Le réexamen du cas vise à préciser la marge de manoeuvre dont disposent les autorités suisses. L'affaire concerne l'application de la norme antiraciste inscrite à l'article 261 bis du code pénal, a expliqué l'Office fédéral de la justice (OFJ).
La Suisse a créé cette norme pour combler une lacune de son droit pénal, dans le but d'adhérer à la Convention de l'ONU sur l'élimination de toutes les formes de discrimination raciale. L'article 261 bis sanctionne notamment celui qui niera, minimisera grossièrement ou cherchera à justifier un génocide ou d'autres crimes contre l'humanité.
En décembre dernier, Dogu Perinçek a obtenu gain de cause à Strasbourg. La Cour européenne a jugé que la Suisse avait violé son droit à la liberté d'expression en le condamnant pour discrimination raciale.
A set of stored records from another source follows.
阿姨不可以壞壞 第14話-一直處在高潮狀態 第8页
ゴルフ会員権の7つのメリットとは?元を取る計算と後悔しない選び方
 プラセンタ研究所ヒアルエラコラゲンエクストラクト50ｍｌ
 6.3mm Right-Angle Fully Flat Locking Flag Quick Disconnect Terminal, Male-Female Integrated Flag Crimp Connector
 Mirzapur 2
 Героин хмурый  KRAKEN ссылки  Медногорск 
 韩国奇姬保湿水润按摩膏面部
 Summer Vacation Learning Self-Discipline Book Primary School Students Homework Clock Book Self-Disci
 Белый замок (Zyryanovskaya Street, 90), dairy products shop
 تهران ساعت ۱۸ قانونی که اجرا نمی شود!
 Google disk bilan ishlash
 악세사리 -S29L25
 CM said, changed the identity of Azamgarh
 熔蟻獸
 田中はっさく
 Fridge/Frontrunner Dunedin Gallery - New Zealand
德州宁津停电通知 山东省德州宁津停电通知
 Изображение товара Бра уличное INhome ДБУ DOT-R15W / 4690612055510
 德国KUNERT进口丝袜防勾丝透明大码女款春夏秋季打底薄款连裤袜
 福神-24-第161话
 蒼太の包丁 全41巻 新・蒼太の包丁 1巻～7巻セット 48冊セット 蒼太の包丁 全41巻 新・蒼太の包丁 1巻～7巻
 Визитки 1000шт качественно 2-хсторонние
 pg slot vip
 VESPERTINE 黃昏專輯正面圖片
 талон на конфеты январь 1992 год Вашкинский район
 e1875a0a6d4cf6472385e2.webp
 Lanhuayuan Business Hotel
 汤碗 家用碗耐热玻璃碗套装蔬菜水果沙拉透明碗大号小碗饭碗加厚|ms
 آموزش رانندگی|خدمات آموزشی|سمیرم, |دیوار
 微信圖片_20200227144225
Le président du Parti des travailleurs de Turquie avait nié publiquement à plusieurs reprises l'existence du génocide arménien. Il avait été condamné en mars 2007 par le Tribunal de police de Lausanne à 90 jours-amendes avec sursis et 3000 francs d'amende. Le verdict avait été confirmé aux niveaux cantonal et fédéral, puis Dogu Perinçek avait recouru à Strasbourg.
Selon le jugement du 17 décembre, Dogu Perinçek n'a pas commis d'abus de droit en qualifiant de "mensonge international" l'idée d'un génocide arménien. "Le libre exercice du droit de débattre ouvertement de questions sensibles et susceptibles de déplaire est l'un des aspects fondamentaux de la liberté d'expression", écrivait Strasbourg.
L'Association Suisse-Arménie (ASA) s'est félicitée mardi de la décision de la Confédération. Elle espère que le recours de l'OFJ aura "toute la solidité nécessaire" pour réfuter les arguments de la décision de décembre.
Selon l'ASA, le verdict de Strasbourg comporte "des inexactitudes historiques et conceptuelles". Les preuves du génocide arménien sont "irréfutables" et la "hiérarchisation" des génocides est inacceptable.